Task inputs below:

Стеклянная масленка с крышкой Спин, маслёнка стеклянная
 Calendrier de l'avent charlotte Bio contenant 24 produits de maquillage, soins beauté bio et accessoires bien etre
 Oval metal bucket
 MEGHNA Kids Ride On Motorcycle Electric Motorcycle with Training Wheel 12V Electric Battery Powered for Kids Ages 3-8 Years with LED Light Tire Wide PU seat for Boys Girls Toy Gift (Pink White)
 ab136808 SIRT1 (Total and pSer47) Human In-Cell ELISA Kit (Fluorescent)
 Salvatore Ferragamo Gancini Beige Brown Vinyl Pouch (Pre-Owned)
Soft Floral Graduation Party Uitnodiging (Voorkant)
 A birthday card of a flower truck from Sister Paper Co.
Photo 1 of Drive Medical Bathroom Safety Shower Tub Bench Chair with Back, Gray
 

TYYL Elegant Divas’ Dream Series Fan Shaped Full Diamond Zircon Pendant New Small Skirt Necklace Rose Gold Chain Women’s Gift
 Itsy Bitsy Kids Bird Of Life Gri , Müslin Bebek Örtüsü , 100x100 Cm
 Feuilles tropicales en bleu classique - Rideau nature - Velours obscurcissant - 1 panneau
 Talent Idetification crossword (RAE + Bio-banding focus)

End of Task inputs.

Work instruction:
Read the listing above, then copy every line that includes the string "Gift".

Solution:
 MEGHNA Kids Ride On Motorcycle Electric Motorcycle with Training Wheel 12V Electric Battery Powered for Kids Ages 3-8 Years with LED Light Tire Wide PU seat for Boys Girls Toy Gift (Pink White)
TYYL Elegant Divas’ Dream Series Fan Shaped Full Diamond Zircon Pendant New Small Skirt Necklace Rose Gold Chain Women’s Gift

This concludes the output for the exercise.